50 1 Meanwhile Himilcon, the admiral of the Carthaginians, hearing that Dionysius had hauled his warships up on land, manned at once his hundred best triremes; for he assumed that if he appeared unexpectedly, he should easily seize the vessels which were hauled up on land in the harbour, since he would be master of the sea. Once he succeeded in this, he believed, he would not only relieve the siege of Motyê but also transfer the war to the city of the Syracusans. 2 Sailing forth, therefore, with one hundred ships, he arrived during the night at the territory of Selinus, skirted the promontory of Lilybaeum, and arrived at daybreak at Motyê. Since his appearance took the enemy by surprise, he disabled some of the vessels anchored along the shore by ramming and others by burning, for Dionysius was unable to come to their defence. 3 After this he sailed into the harbour and drew up his ships as if to attack the vessels which the enemy had drawn up on land. Dionysius now massed his army at the entrance of the harbour; but when he saw that the enemy was lying in wait to attack as the ships left the harbour, he refused to risk launching his ships within the harbour, since he realized that the narrow entrance compelled a few ships to  p153 match themselves against an enemy many times more numerous.​19 4 Consequently, using the multitude of his soldiers, he hauled his vessels over the land with no difficulty and launched them safely in the sea outside the harbour. Himilcon attacked the first ships, but was held back by the multitude of missiles; for Dionysius had manned the ships with a great number of archers and slingers, and the Syracusans slew many of the enemy by using from the land the catapults which shot sharp-pointed missiles. Indeed this weapon created great dismay, because it was a new invention at this time. As a result, Himilcon was unable to achieve his design and sailed away to Libya, believing that a sea-battle would serve no end, since the enemy's ships were double his in number.

51 1 After Dionysius had completed the mole​20 by employing a large force of labourers, he advanced war engines of every kind against the walls and kept hammering the towers with his battering-rams, while with the catapults he kept down the fighters on the battlements; and he also advanced against the walls his wheeled towers, six stories high, which he had built to equal the height of the houses. 2 The inhabitants of Motyê, now that the threat was at hand-grips, were nevertheless not dismayed by the armament of Dionysius, even though they had for the moment no allies to help them. Surpassing the besiegers in thirst for glory, they in the first place raised  p155 up men in crow's-nests resting on yard-arms suspended from the highest possible masts, and these from their lofty positions hurled lighted fire-brands and burning tow with pitch on the enemies' siege engines. 3 The flame quickly caught the wood, but the Sicilian Greeks, dashing to the scene, swiftly quenched it; and meantime the frequent blows of the battering-rams broke down a section of the wall. Since now both sides rushed with one accord to the place, the battle that ensued grew furious. 4 For the Sicilian Greeks, believing that the city was already in their hands, spared no effort in retaliating upon the Phoenicians for former injuries they had suffered at their hands, while the people of the city, envisioning the terrible fate of a life of captivity and seeing no possibility of flight either by land or by sea, faced death stoutly. 5 And finding themselves shorn of the defence of the walls, they barricaded the narrow lanes and made the last houses provide a lavishly constructed wall. From this came even greater difficulties for the troops of Dionysius. 6 For after they had burst through the wall and seemed to be already masters of the city, they were raked by missiles from men posted in superior positions. 7 Nevertheless, they advanced the wooden towers to the first houses and provided them with gangways;​21 and since the siege machines were equal in height to the dwellings, the rest of the struggle was fought hand to hand. For the Sicilian Greeks would launch the gangways and force a passage by them on to the houses.

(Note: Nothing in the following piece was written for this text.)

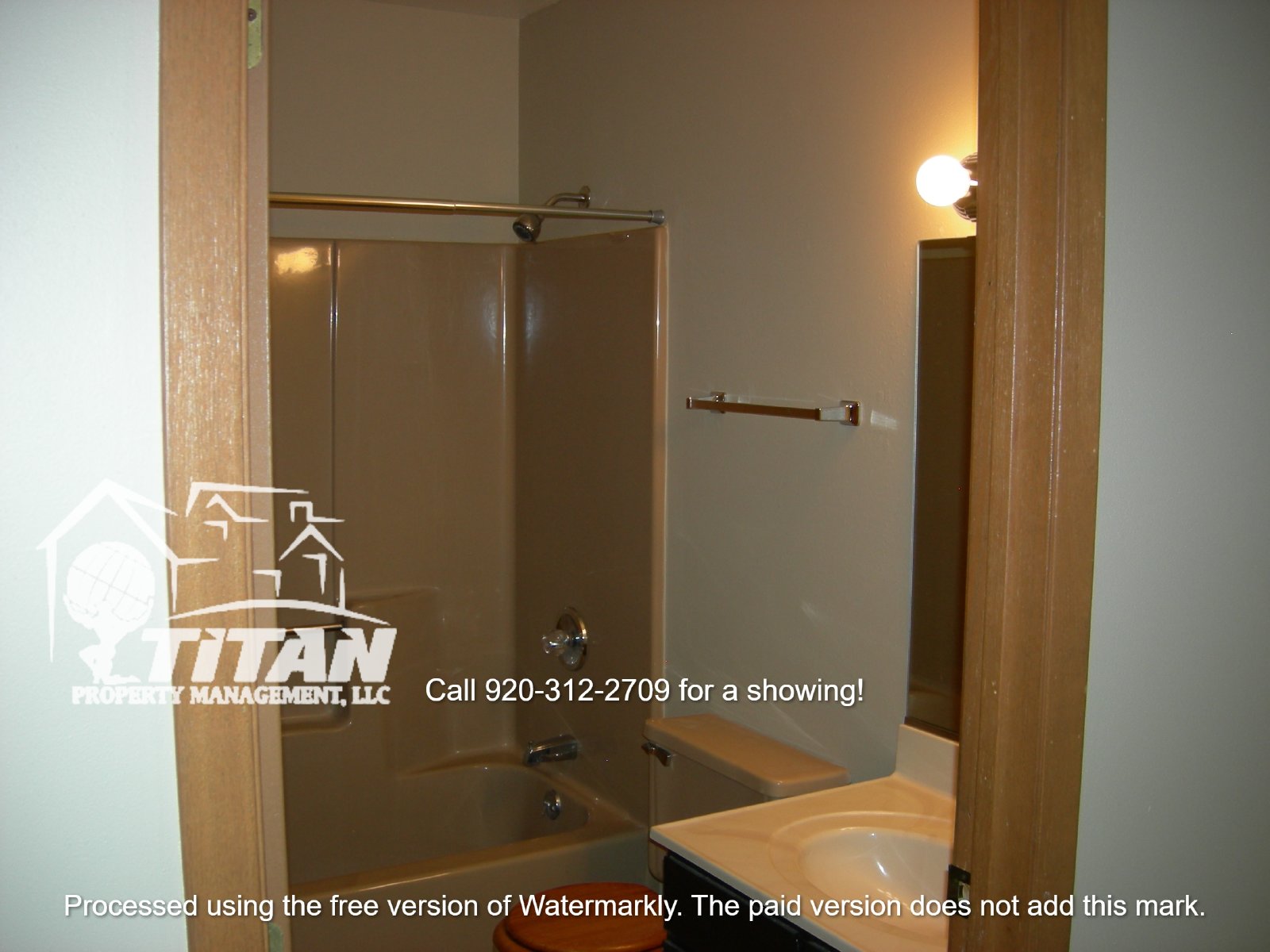 801/803 Harborview Court - 801 property image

 p157  52 1 The Motyans, as they took account of the magnitude of the peril, and with their wives and children before their eyes, fought the more fiercely out of fear for their fate. There were some whose parents stood by entreating them not to let them be surrendered to the lawless will of victors, who were thus wrought to a pitch where they set no value on life; others, as they heard the laments of their wives and helpless children, sought to die like men rather than to see their children led into captivity. 2 Flight of course from the city was impossible, since it was entirely surrounded by the sea, which was controlled by the enemy. Most appalling for the Phoenicians and the greatest cause of their despair was the thought how cruelly they had used their Greek captives and the prospect of their suffering the same treatment. Indeed there was nothing left for them but, fighting bravely, either to conquer or die. 3 When such an obstinate mood filled the souls of the besieged, the Sicilian Greeks found themselves in a very difficult position. 4 For, fighting as they were from the suspended wooden bridges, they suffered grievously both because of the narrow quarters and because of the desperate resistance of their opponents, who had abandoned hope of life. As a result, some perished in hand-to‑hand encounter as they gave and received wounds, and others, pressed back by the Motyans and tumbling from the wooden bridges, fell to their death on the ground. 5 In the end, while the kind of siege we have described had lasted some days, Dionysius made it his practice always toward evening to sound the trumpet for the recall of the fighters and break off  p159 the siege. When he had accustomed the Motyans to such a practice, the combatants on both sides retiring, he dispatched Archylus of Thurii with the élite troops, 6 who, when night had fallen, placed ladders against the fallen houses, and mounting by them, seized an advantageous spot where he admitted Dionysius' troops. 7 The Motyans, when they perceived what had taken place, at once rushed to the rescue with all eagerness, and although they were too late, none the less faced the struggle. The battle grew fierce and abundant reinforcements climbed the ladders, until at last the Sicilian Greeks wore down their opponents by weight of numbers.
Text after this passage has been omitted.